Ele ergueu o olhar que até o momento estava pregado no chão. As sobrancelhas estavam ligeiramente erguidas; era a primeira vez que Glória lhe direcionava uma voz fora do ramo de mau humor. Um reluzir fosco no olhar e respondeu em tom de desabafo.

 - Cansei de tentar. Desculpe-me por ser um fardo por tanto tempo, mas a única coisa que era de meu desejo era ser aceito pela senhora.

 - Se... nhora? Nunca chamou-me assim antes...

 - Mas é o que você queria, não? Depois de meses, pelo menos foi esta a impressão que obtive. Desculpe-me novamente... por tudo o que eu causei para você, professora Glória.

Uma tensão horrível tomou conta daquele ar dividido somente pelos dois. As vozes ao redor pareciam sequer existirem. O mundo transmitia a mensagem de inexistência. Tudo o que Glória conseguia fazer naquele momento era observar um professor cheio de luz, apagado, e sentir o gosto amargo da culpa.

"Droga. Culpa? Por causa dele?" dizia uma voz ao fundo, maldosa. Foi com ela que a professora percebeu que vinha tomando a atitude mais estúpida de sua vida.

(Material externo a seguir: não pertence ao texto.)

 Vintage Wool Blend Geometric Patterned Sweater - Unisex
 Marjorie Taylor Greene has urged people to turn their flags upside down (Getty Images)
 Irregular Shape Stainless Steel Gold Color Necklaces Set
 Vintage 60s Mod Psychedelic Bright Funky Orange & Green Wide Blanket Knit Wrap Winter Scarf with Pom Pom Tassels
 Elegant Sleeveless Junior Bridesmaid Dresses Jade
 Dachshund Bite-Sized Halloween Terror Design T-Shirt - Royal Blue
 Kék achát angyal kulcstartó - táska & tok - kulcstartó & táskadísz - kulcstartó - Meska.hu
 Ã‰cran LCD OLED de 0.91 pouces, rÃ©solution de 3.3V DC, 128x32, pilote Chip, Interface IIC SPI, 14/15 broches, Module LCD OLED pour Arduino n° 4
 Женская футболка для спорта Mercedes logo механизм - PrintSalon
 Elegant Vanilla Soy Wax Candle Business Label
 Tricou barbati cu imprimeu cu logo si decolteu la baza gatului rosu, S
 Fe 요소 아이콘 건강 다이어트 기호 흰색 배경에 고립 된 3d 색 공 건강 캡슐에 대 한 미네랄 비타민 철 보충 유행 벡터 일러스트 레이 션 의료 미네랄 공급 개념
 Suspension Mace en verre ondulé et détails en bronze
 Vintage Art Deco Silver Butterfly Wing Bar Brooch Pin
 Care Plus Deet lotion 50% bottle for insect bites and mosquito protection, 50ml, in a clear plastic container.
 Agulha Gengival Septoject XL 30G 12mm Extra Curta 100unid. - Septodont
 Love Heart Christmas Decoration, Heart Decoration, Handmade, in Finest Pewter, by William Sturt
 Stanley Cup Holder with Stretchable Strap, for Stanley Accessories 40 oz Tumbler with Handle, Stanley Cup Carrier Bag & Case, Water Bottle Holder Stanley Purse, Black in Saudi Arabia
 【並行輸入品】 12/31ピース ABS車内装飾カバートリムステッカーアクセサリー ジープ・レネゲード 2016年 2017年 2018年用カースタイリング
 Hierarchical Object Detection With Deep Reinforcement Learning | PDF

 - Matias, olhe para mim. E agora.

Ele obedeceu sem hesitar. Imediatamente foi agarrado pelo colarinho da camisa e fisgado por um beijo de lábios firmes. Firmes e macios. Fora pego de surpresa, certamente. Mas o curioso foi que não demorou a abraçá-la para prolongar o beijo que se limitava aos lábios, os dois surdos às palmas, assobios e comemorações eufóricas das pessoas ao redor. Ele a amava, assim como Glória. Por isso o mal humor, a desavença, a raiva dela. Queria nada menos que esconder aquela realidade (o qual seu orgulho dizia ser tolice) e evitar ninguém menos que o autor daquilo tudo, tendo este mexido com um coração de pedra que, no fundo, pulsava ansioso por carinho e amor. Só dele.

 - E se eu começar a tratá-lo como antes - ela sussurrou ainda muito próxima do seu rosto quando deu um fim à carícia - faça isto, entendeu bem?

 - É claro - e Matias deu o melhor sorriso de sua vida.